26.7 C
Monrovia
Sunday, April 27, 2025

Inside Liberian Vice President Jeremiah Koung Ties With Ghana Ibrahim Mahama

Must read

By Festus Poquie

Dressed in a dark safari suit, Vice President Jeremiah Koung Saturday boarded a private jet to Accra Ghana, opening a flamboyant charter to his new role as Liberia’s second most powerful politician.

This show of power and affluent draws fresh mummeries of the six years lifestyle of the man Koung and his boss President Joseph Boakai ousted democratically in Nov.

2024 to deliver change and prosperity to destitute population living on less than a dollar a day.

During his reign, former President George Weah used private jet to travel waya from the country. Weah told critics the airline belongs a good friend who gave him permission to use for his foreign visits to boost his morale.

Koung is now walking in Weah’s shoes. The private airline that took him to Accra while traveling to Nigeria belongs to a Good Samaritan who he ran into at a local hotel in Monrovia, Koung told Front Page Africa.

But who is this Good Samaritan and what was he doing in Monrovia? What interest does he have in the Vice President?

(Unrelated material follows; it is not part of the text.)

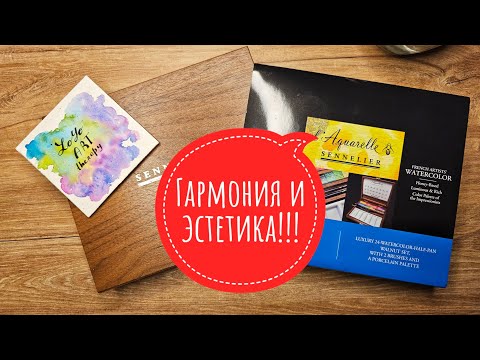 Видео: Хороши или нет? Проф. акварель от Sennelier 24 цвета в деревянной коробке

Ibrahim Mahama is the identity of the Ghanian businessman who gave lift to Koung in the air. The exact context of their relationship remains unclear but smears with business interest and potential conflict of interest.

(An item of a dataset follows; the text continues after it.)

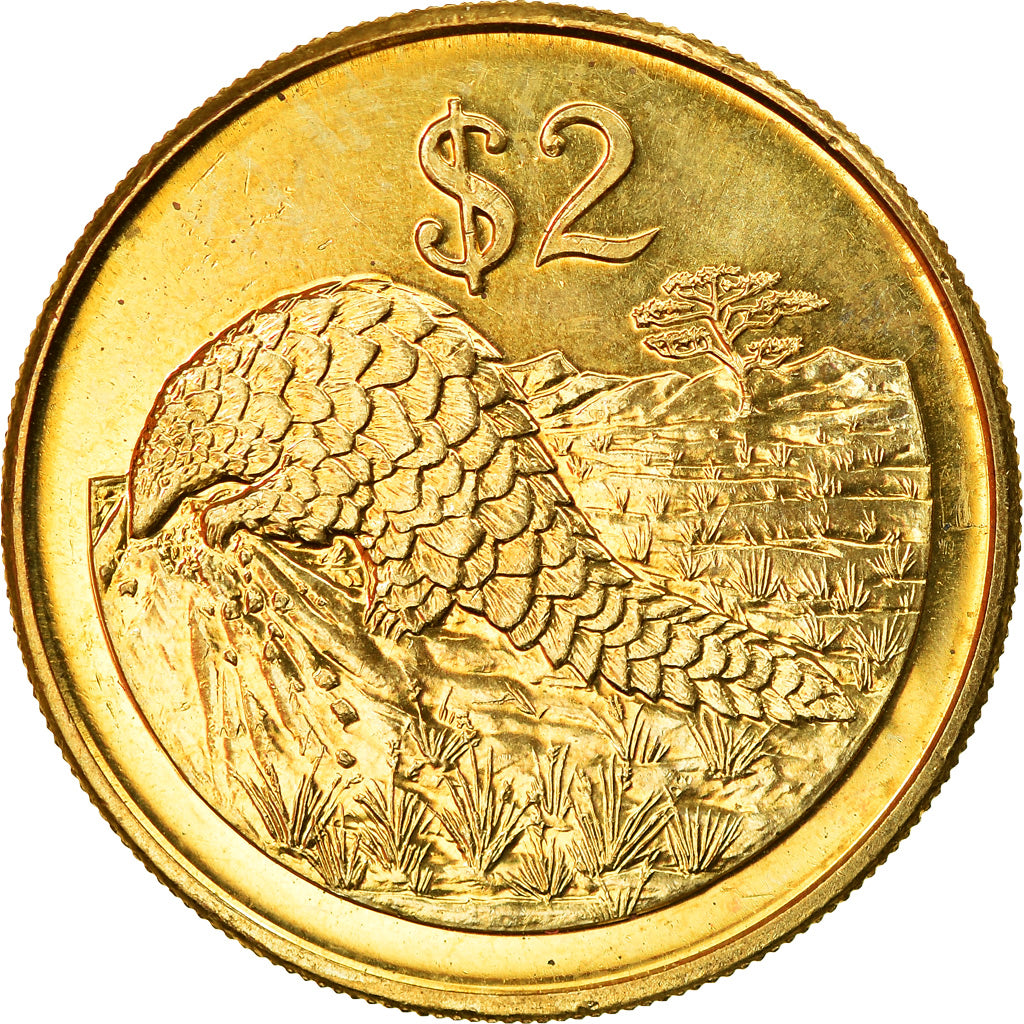 Monnaie, Zimbabwe, 2 Dollars, 2002, Harare, SUP, Brass plated steel, KM:12a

Like Mahama, Koung has business stakes. The new government has outline series of capital investment projects and programs that would drive interest from mega businesspeople across Africa and beyond.

Ibrahim Mahama is a brother of the former president of Ghana, John Mahama. Ghanaian media report that Mahama, the CEO of Engineers & Planners Company Limited, is under investigation by Ghana’s economic and organized crimes office for allegedly issuing bad checks.

In 2016, Ghanaian authorities took Mahama’s company to court for allegedly not paying social security payments to staff; the case was later settled.

Mahama is mentioned in the  revelations from Africa documented in the Paradise Papers, a global investigation into the offshore transactions of some of the world’s biggest corporations and wealthiest people.

The cache of secret records was leaked from Appleby, a Bermuda-based law firm that provides legal advice to business elites.

Together, the 13.4 million documents shed light on the top end of the world of offshore finance, and how the politically powerful take advantage of the system, deal in corruption and bribery, and avoid paying taxes.

In 2013, representatives of Mahama and his contracting company Engineers and Planners Company Limited contacted Appleby about creating two offshore companies in the Isle of Man but ended up creating only one.

That company, Red Sky Aviation Limited, was used to hold a $7 million Bombardier Challenger jet.

The second company was intended for “consulting services in the oil and gas mining infrastructure development and real estate sectors of the Ghanaian economy.”

Appleby ranked Mahama and his companies as a high risk due to his relationship to the then-president and allegations in local media that government funds were being used to repay the company’s multimillion-dollar bank loan. Mahama’s company denied any wrongdoing.

A representative of Engineers & Planners Company Limited declined to respond to specific questions and told ICIJ that there was nothing illegal in the use of offshore companies.